Data extract: Begin

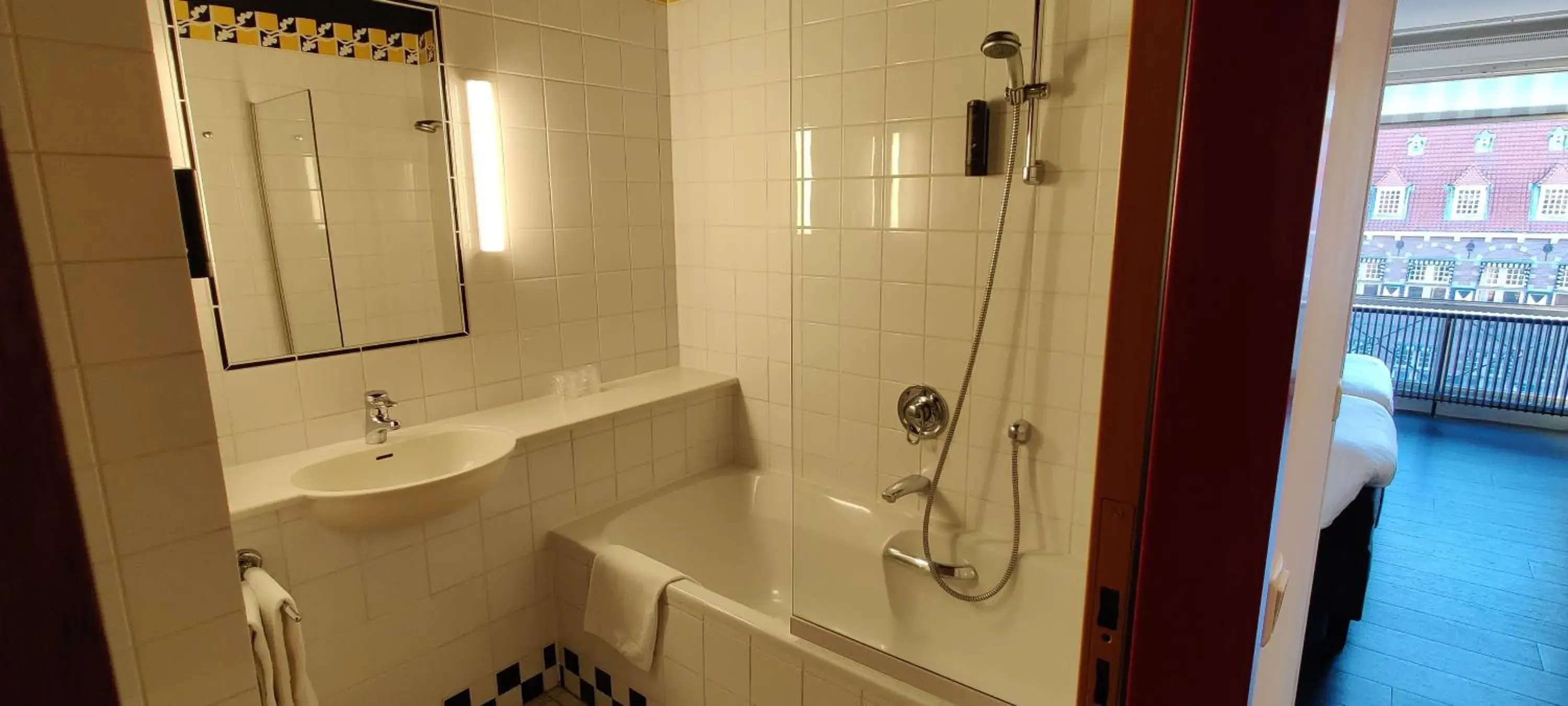 Shower, Bathroom in Hotel Theater Figi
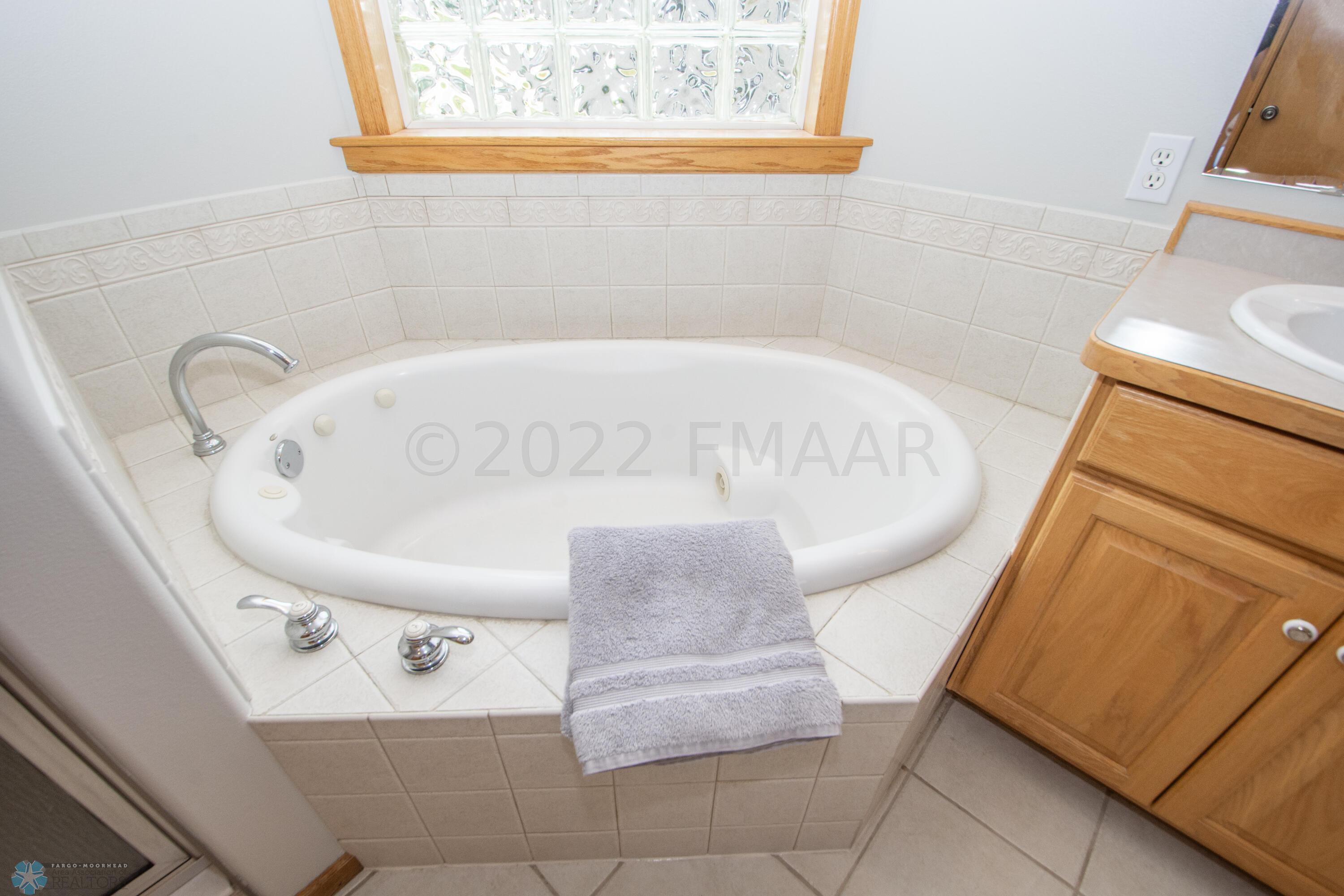 On suite-double vanity/tub/tile shower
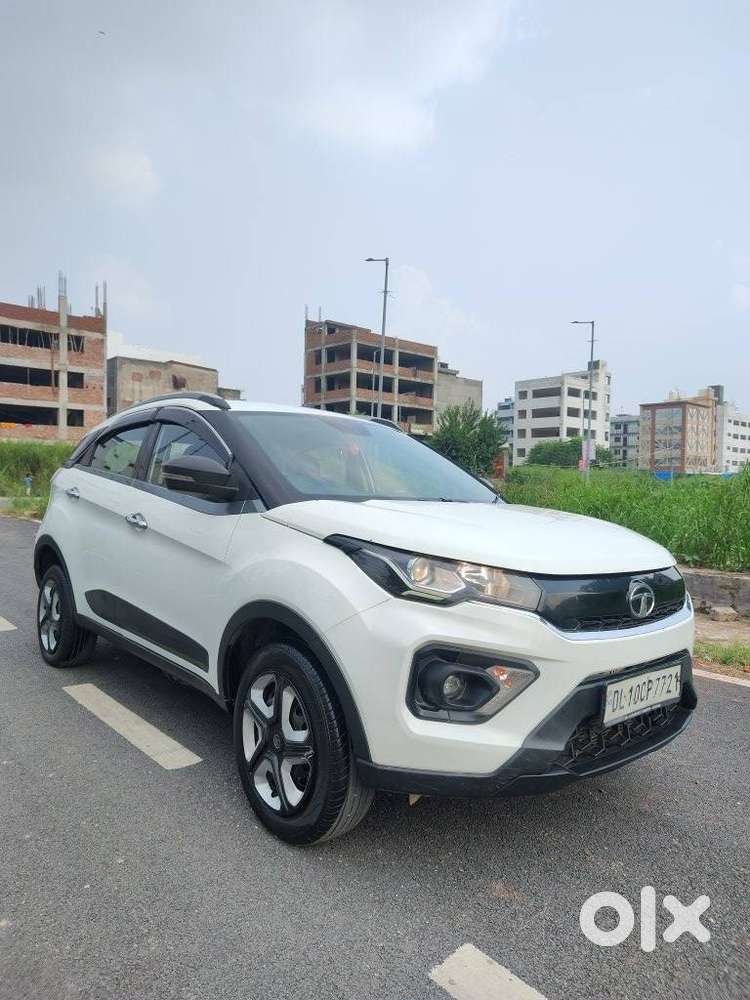 Tata Nexon 1.5 Revotorq Xm (s), 2021, Diesel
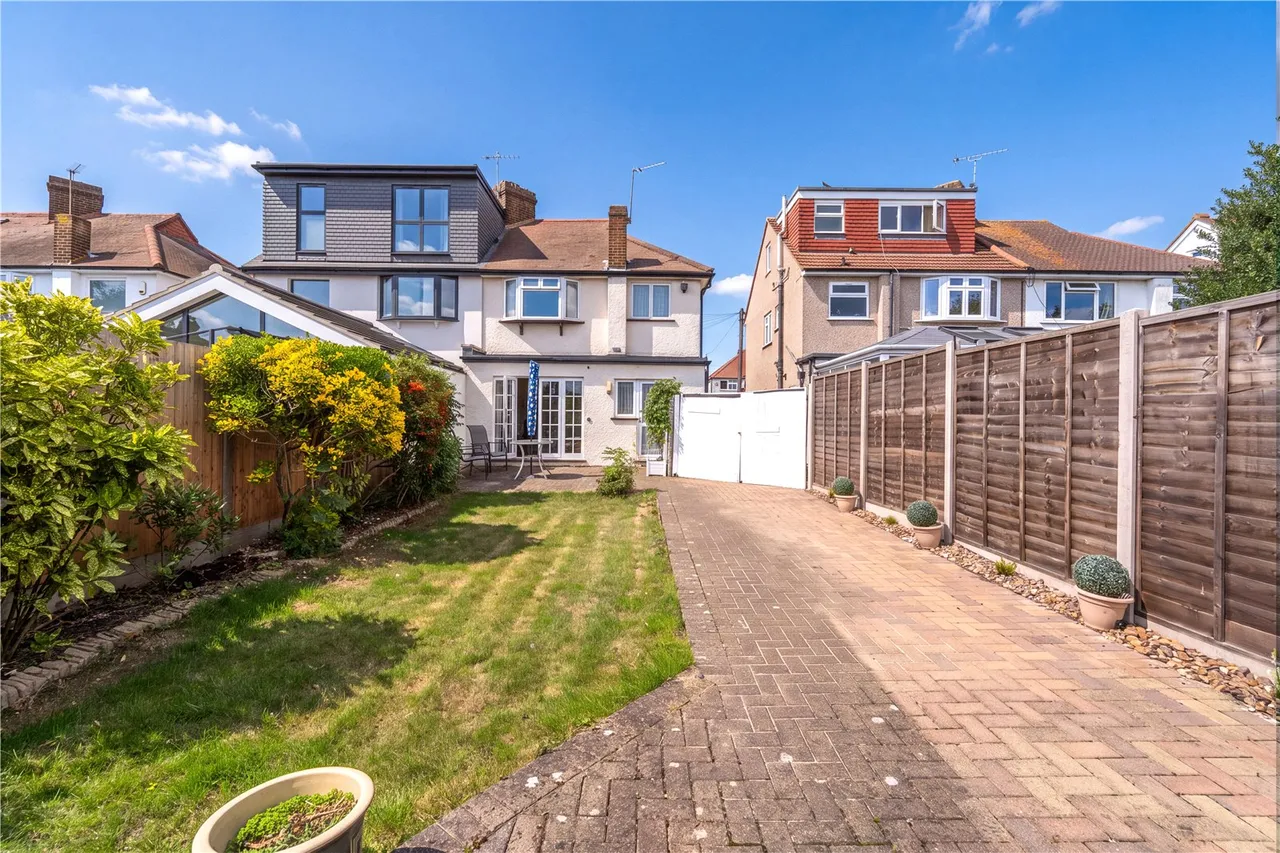 Crane Way, Twickenham, TW2, photo 8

Data extract: End

Your instructions:
Retype the whole listing exactly. Do not include the pictures.

Task response:
 Shower, Bathroom in Hotel Theater Figi
 On suite-double vanity/tub/tile shower
 Tata Nexon 1.5 Revotorq Xm (s), 2021, Diesel
 Crane Way, Twickenham, TW2, photo 8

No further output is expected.